# Mother rant



## Kuraudia (Jan 15, 2014)

So, my mother is boycotting me. I've been wanting to be a vegetarian for quite some time, even when I was younger (maybe like 13 years old). I told my mother when I was that age and she flipped and because I was scared, I decided to not push it and lump it.
Not that I'm a bit older, I have decided to become one, even if she likes it or not. It's my choice and I'm not going to put up with what she wants all the time. I have the right to choose to, and I'm not going to stop doing what I want just because she's against it.
I told her of my decision on Saturday and she got really angry. She thinks I'm doing it just to annoy her, but that's not true, and I've told her I'm doing it for all the right reasons.
Since then, not only has she been on "war" with me, but she's been making food (that means mine as well) with fish and meat. She's made soup and put meat in it, rice, and put meat in it, salad, and put tuna in it, and so on.
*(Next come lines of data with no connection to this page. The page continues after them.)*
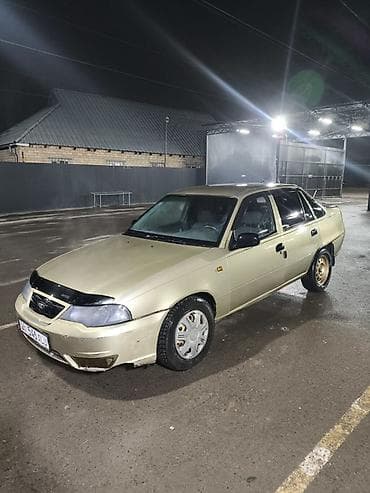 Daewoo Nexia: 2008 г., 1.6 л, Ручные, Бензин, Седан at lalafo.kg Daewoo Nexia: 2008 г., 1.6 л, Ручные, Бензин, Седан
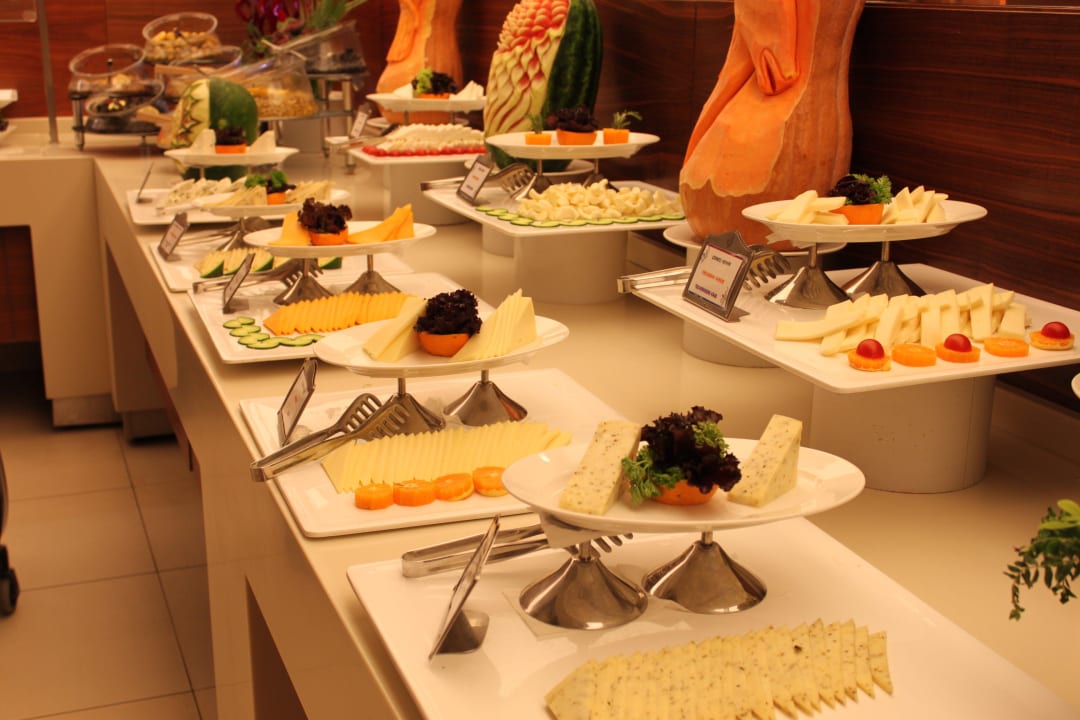 Abendessen Sunis Elita Beach Resort & Spa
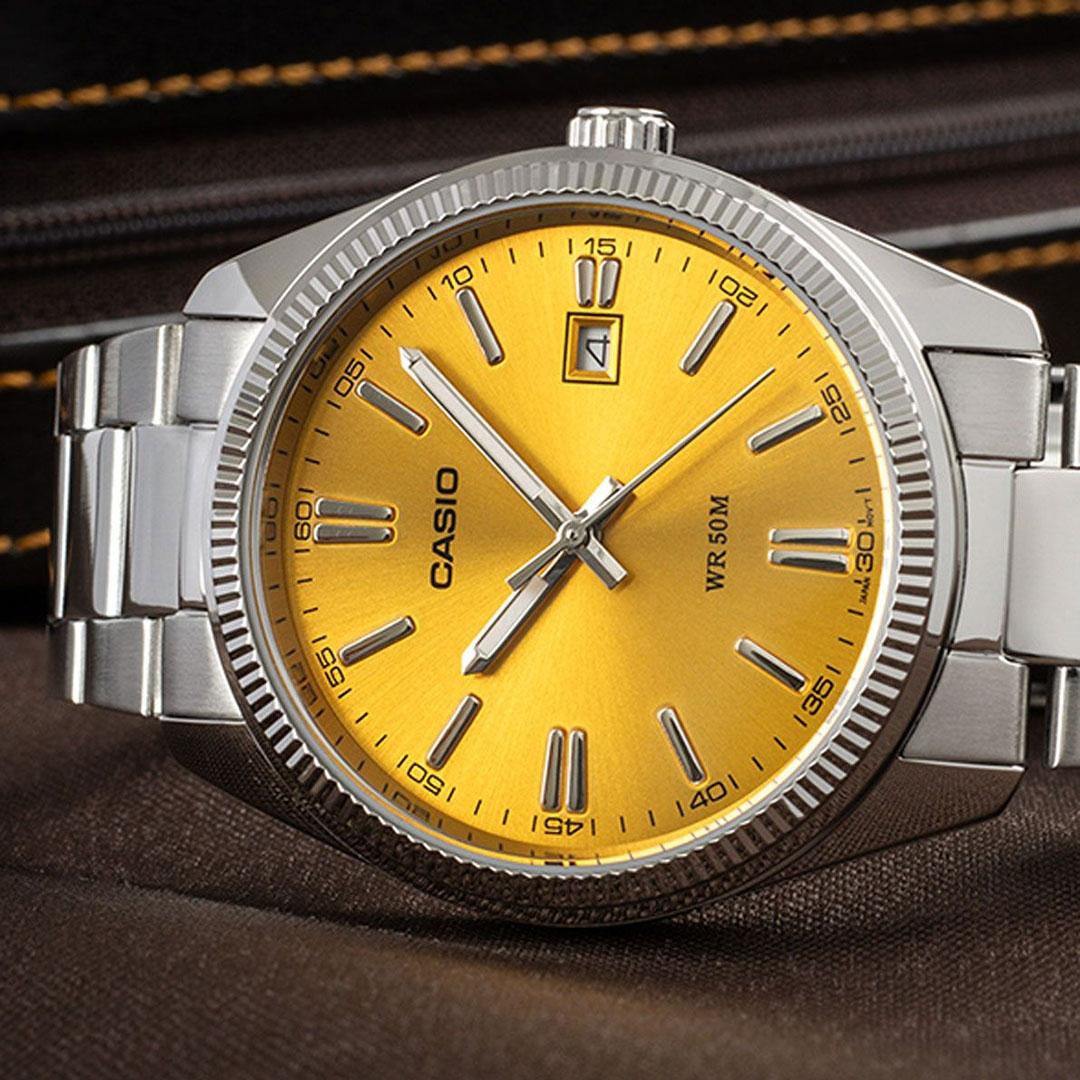 RELOJ UNISEX CASIO MTP1302PD-9AVEF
Because she can't get her way, she's boycotting me and I'm really getting angry.
She has no right to do this, or anything else. She's been saying she doesn't love me (then this morning telling me she does love me, except when I anger her, and that, to me, is emotional blackmail), and she's been insulting me, calling me crazy, maniacal, with many "manias" (my rats, I wanted a piercing, me dying my hair, me having a boyfriend...), that I'm "special" and not in a good way.
I don't think I can tolerate this much longer. I have been doing my best to not get angry with her and explain my version but she's been resistant and will *not* accept defeat.
I cannot be happy living like this, and I really don't want to give in to her, even if I know that this isn't going to be over until I say I will not become a vegetarian, because she'll never give in.


----------



## Pilot. (Feb 11, 2014)

She's doing this because you don't want to eat meat??? Woah. Okay I was a vegetarian for upward of two years and my mother didn't care. If she made good with meat I would just make something myself. Your mother is taking this way out of hand. It's not a diet, it's not a way to "slim down" because as a vegetarian, because I kept my vitamins up I lost hardly any weight. I didn't do it for that though I did it because I wanted to experience it. It was fun! I loved doing it! And now that I'm no longer a vegetarian, I still do not eat red meats besides venison because it upsets my stomach and I can't digest it right. I think venison is okay because it's lean but that's beside the point. I think your mother is taking this way to seriously. Is there a reason she doesn't want you to become a Vegetarian? Emotional abuse just because you decided not to eat meat is NOT okay. Emotional abuse is not okay anyway. Maybe you should sit down and talk to her? Or speak to your father. If the emotional abuse does not stop I would suggest speaking to a counselor about it and telling them all that's happening at home. Vegetarianism is not something bad. Your mother sounds like there are deeper problems than just you not wanting to eat meat.


----------



## Gannyaan (Dec 7, 2012)

Are your mother and my mother somehow related...? They are identical. When I became vegetarian for the first time (and wanted to dye my hair, piercings etc) I was met with the same thing. She grew up in a village in a traditional culture.... They're usually like that. As much as I know you sound like you income from a different generation from your mom, the best advice I can give you is this: DO NOT under any circumstances take her seriously when she's angry, and learn to just let it go... I dealt with my mom's crazy temper/manipulativeness until I was 21, then I saved up and moved out for university, and I haven't been home since. I know it's so hard but YOU will have to be the adult for now, and keep your emotions under control. By the end of this, you will be so strong.... You are not doing anything wrong. You are a good daughter deserving of love.... It's unfortunate that you have to go through this.... But you can pull through 


To her, she is trying to help you from being a weirdo and standing out, which I'm guessing in her books isa very bad thing. And yes, you are smart to recognize that it's a kind of "emotional blackmail"... 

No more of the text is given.